Study of nonlinear optical properties of superhalogen and superalkali doped phosphorene

Herein, nonlinear optical properties of superhalogen and superalkali doped phosphorene are investigated by utilizing the density functional theory. Large interaction energies revealed that these complexes are satisfactory stable. Doping materials reduce the bandgap and enhance electronic conduction. Density of states analysis provides a better understanding of the electronic transition from HOMO to LUMO of doped compounds. The dipole and transition dipole moment of all doped molecules is changed. These doped molecules have small transition energies (Delta E) which leads to increase in their hyperpolarizabilities. Doping of superalkali enhances the second hyperpolarizability from 51.99 x 10(-4) to 138.25 x 10(-4) au Electron density difference map analysis provides information on the electronic distribution of doped compounds.
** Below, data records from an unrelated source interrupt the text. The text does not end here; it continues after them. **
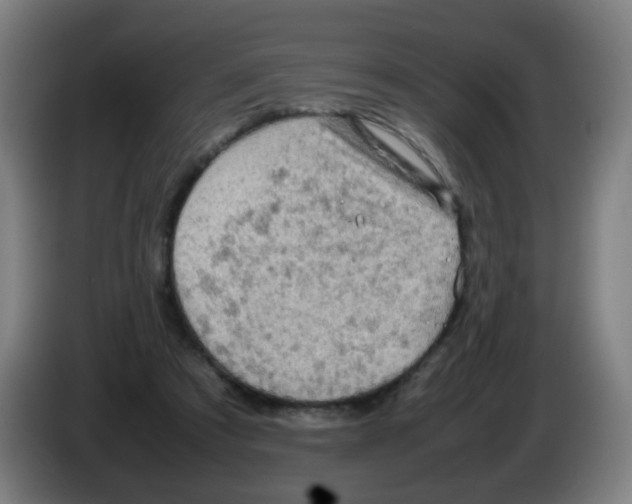 X0000086230305200704261901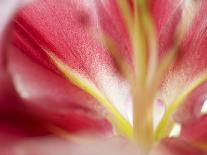 Macro Tulip II-Jonathan Nourock-Photographic Print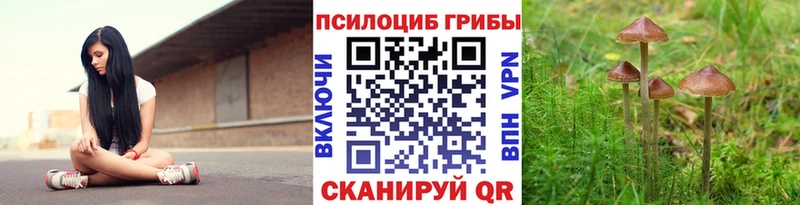 сайты даркнета клад  наркотики  Бабаево  Галлюциногенные грибы ЛСД 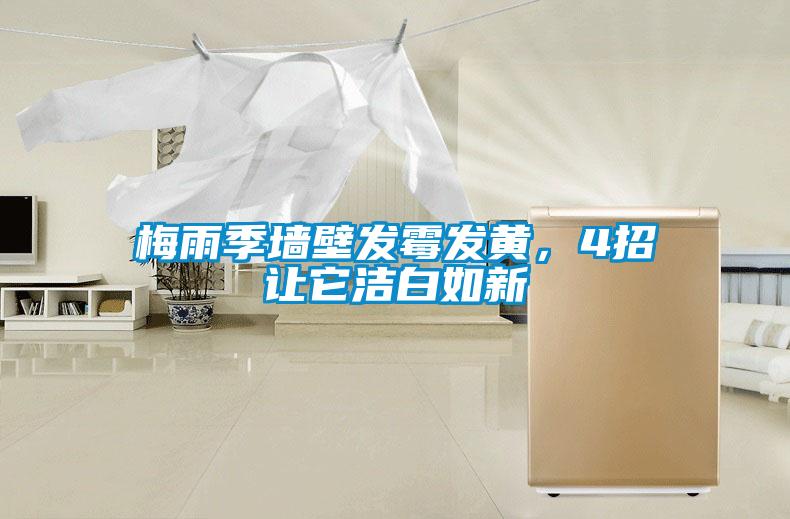 梅雨季墙壁发霉发黄，4招让它洁白如新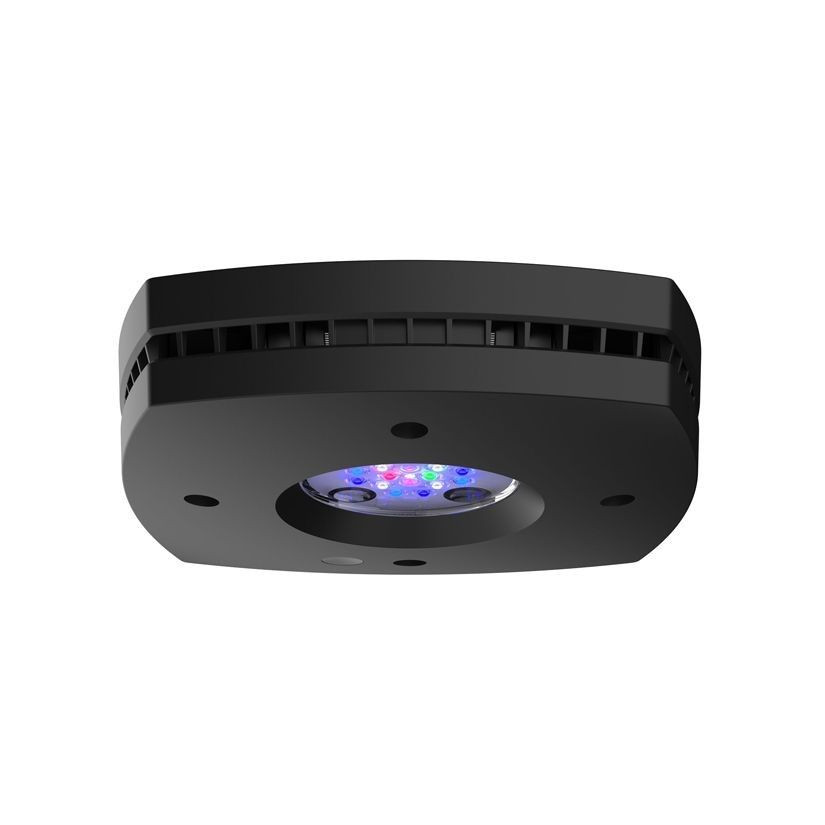 ILLUMINAZIONE AQUA - Prime 16HD 59w - Nero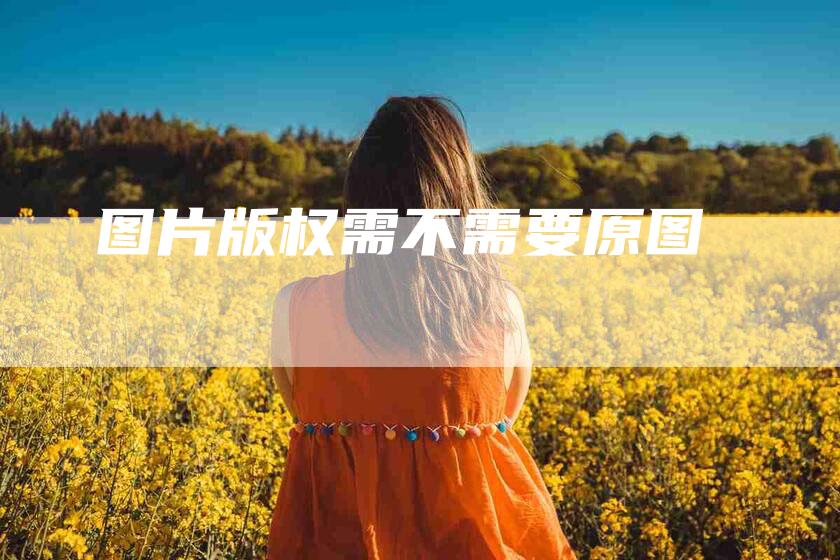 图片版权需不需要原图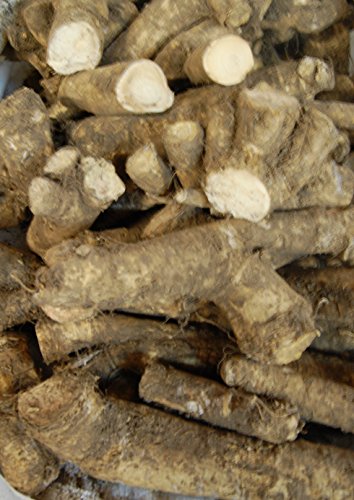 Horseradish Roots 1 pound,( USA Only,Can Not be shipped internationally) Ready For Planting or Preparing As Sauces or Dressings etc.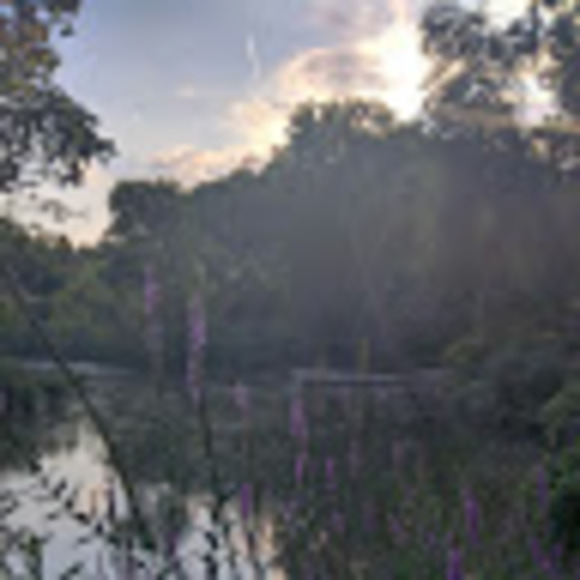 Meet your Posher, Collin - Picture 1 of 1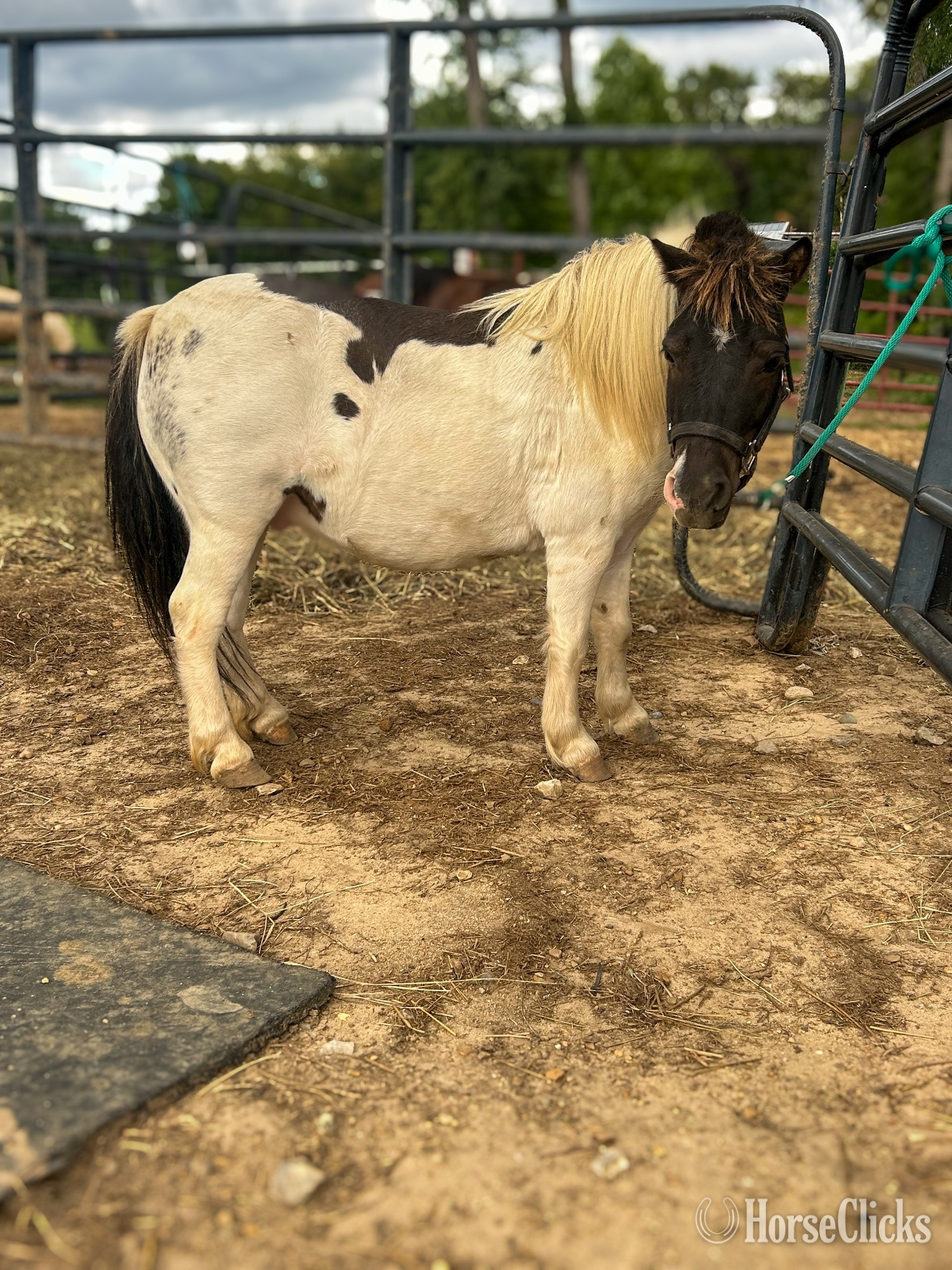 "Rollie Pollie" Skewbald Gelding Shetland Pony - Shetland Pony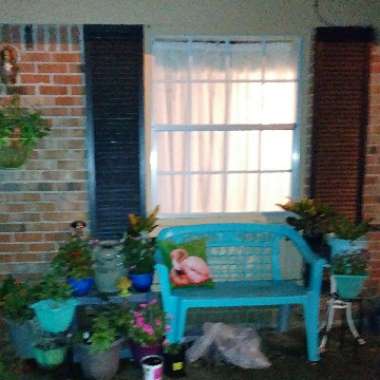 Christi's garden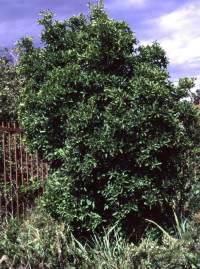 Pavetta gardeniifolia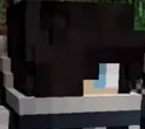Aphmau MCD Zane Blank Meme Template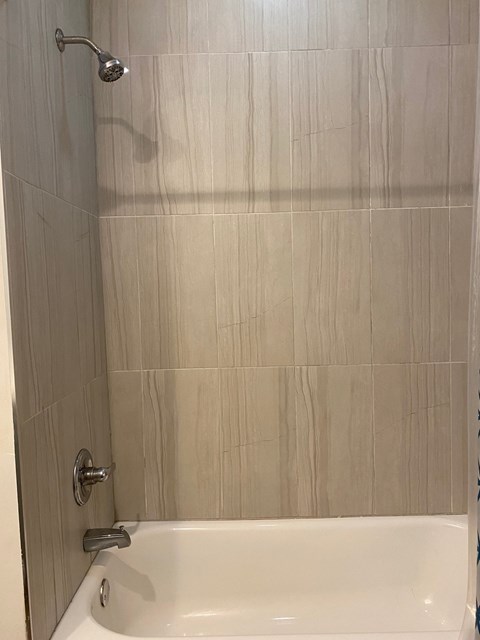 a bathroom with a shower and a bath tub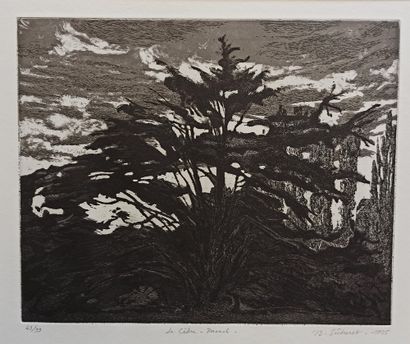 null Jean-Baptiste SECHERET (1957)


Lot including 3 prints :


- The cedar. Pasnel....
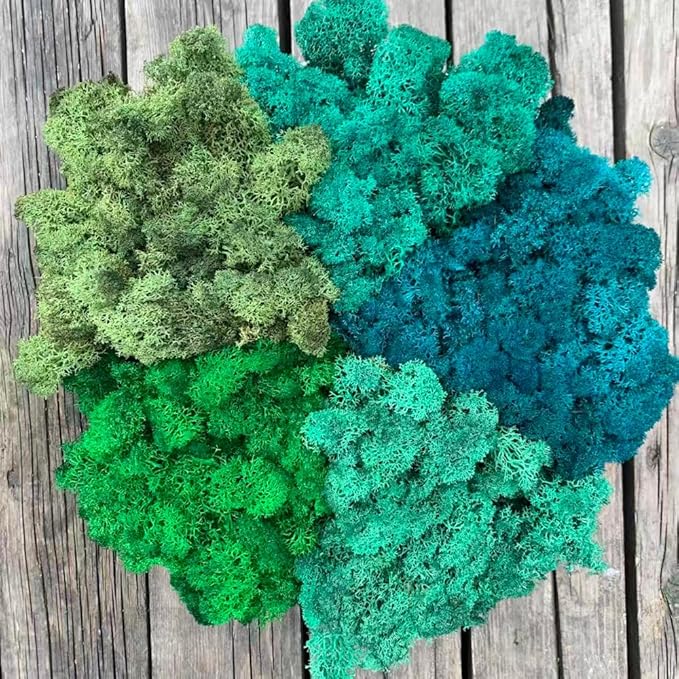 Preserved Reindeer Moss Natural Green DIY Kit Gardenning Art Wall Decor Florist Decor Easter Table Decor Wedding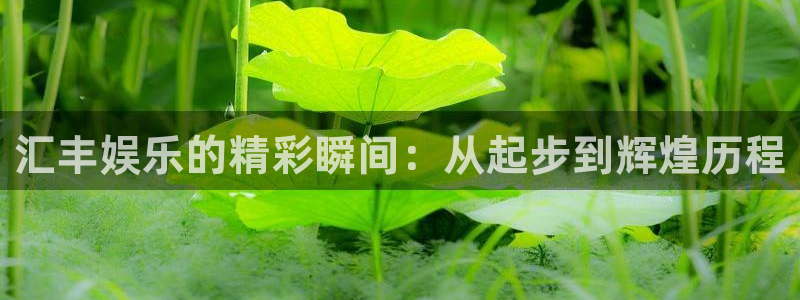 门徒娱乐网址：汇丰娱乐的精彩瞬间：从起步到辉煌历程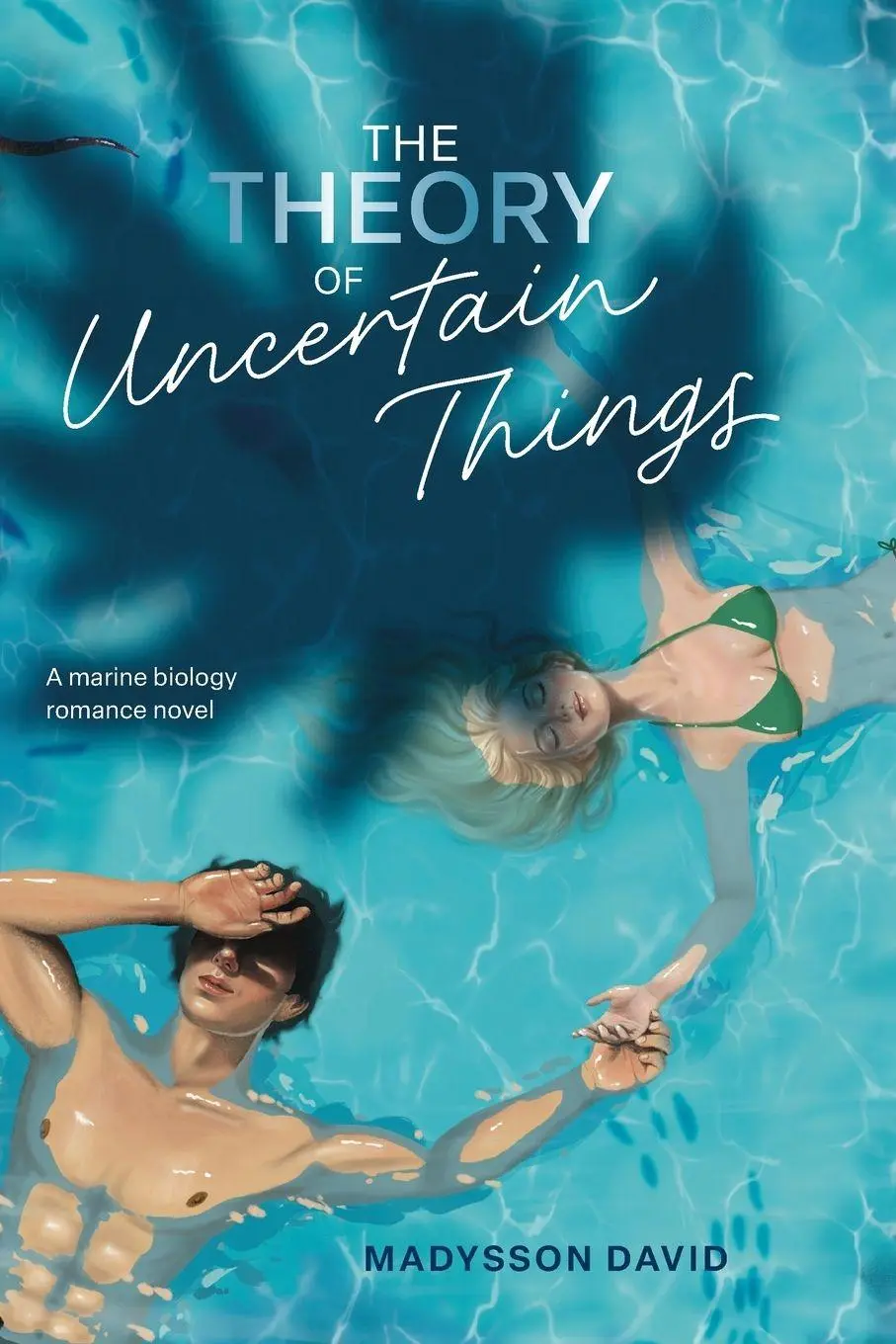Cover: 9789699393389 | The Theory of Uncertain Things | David | Taschenbuch | Englisch | 2026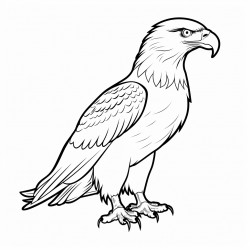 simple and cute eagle outline drawing with thin bold lines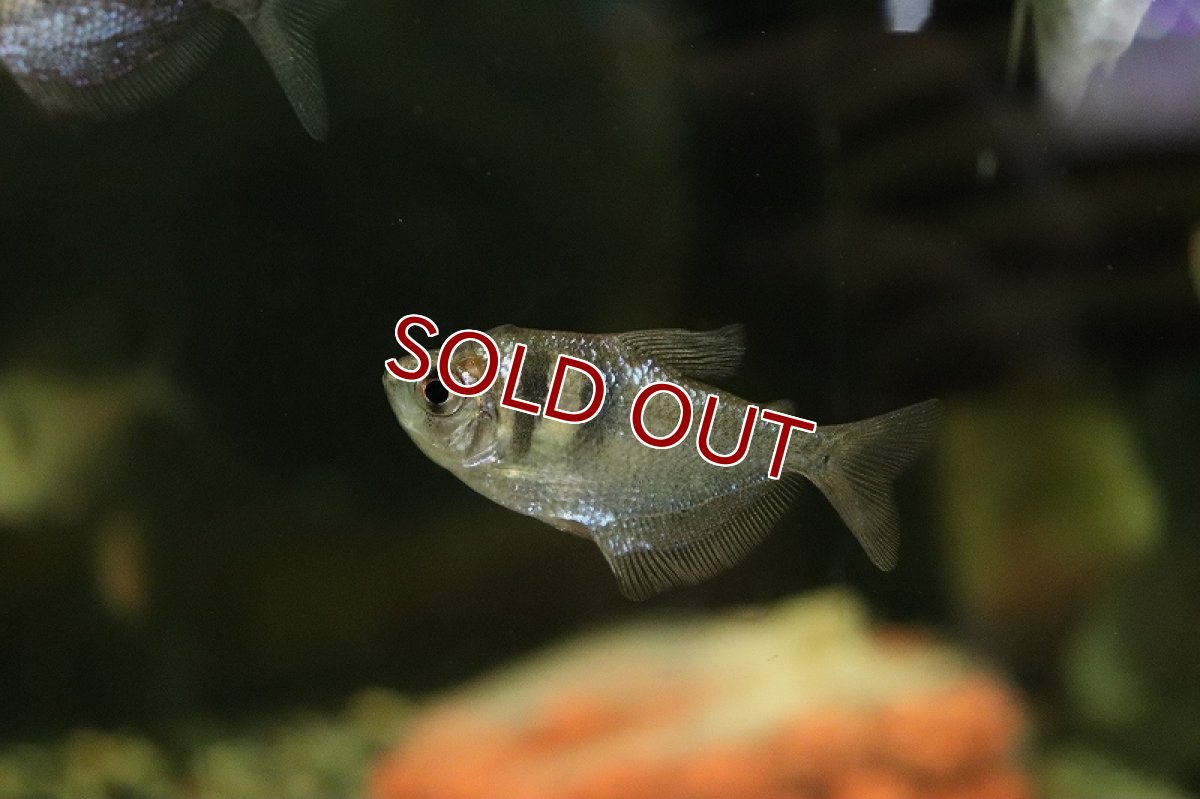 画像4: 【淡水魚】表示価格より半額 ブラックテトラ パンタナール産 ワイルド【１匹 サンプル画像】(珍カラ)(生体)(熱帯魚)NKCK (4)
TD-DFT analysis reveals that these molecules have absorption in the UV region. All these results have proven that doping of phosphorene is an effective approach in designing efficient nonlinear optical materials. (C) 2021 Elsevier B.V. All rights reserved.

Automated summary

The nonlinear optical properties of phosphorene doped with superhalogens and superalkalis were investigated using density functional theory. The doping materials were found to reduce the bandgap, enhance electronic conduction, and increase hyperpolarizabilities. Doped superalkalis showed an increase in second hyperpolarizability, indicating the effectiveness of doping in designing efficient nonlinear optical materials.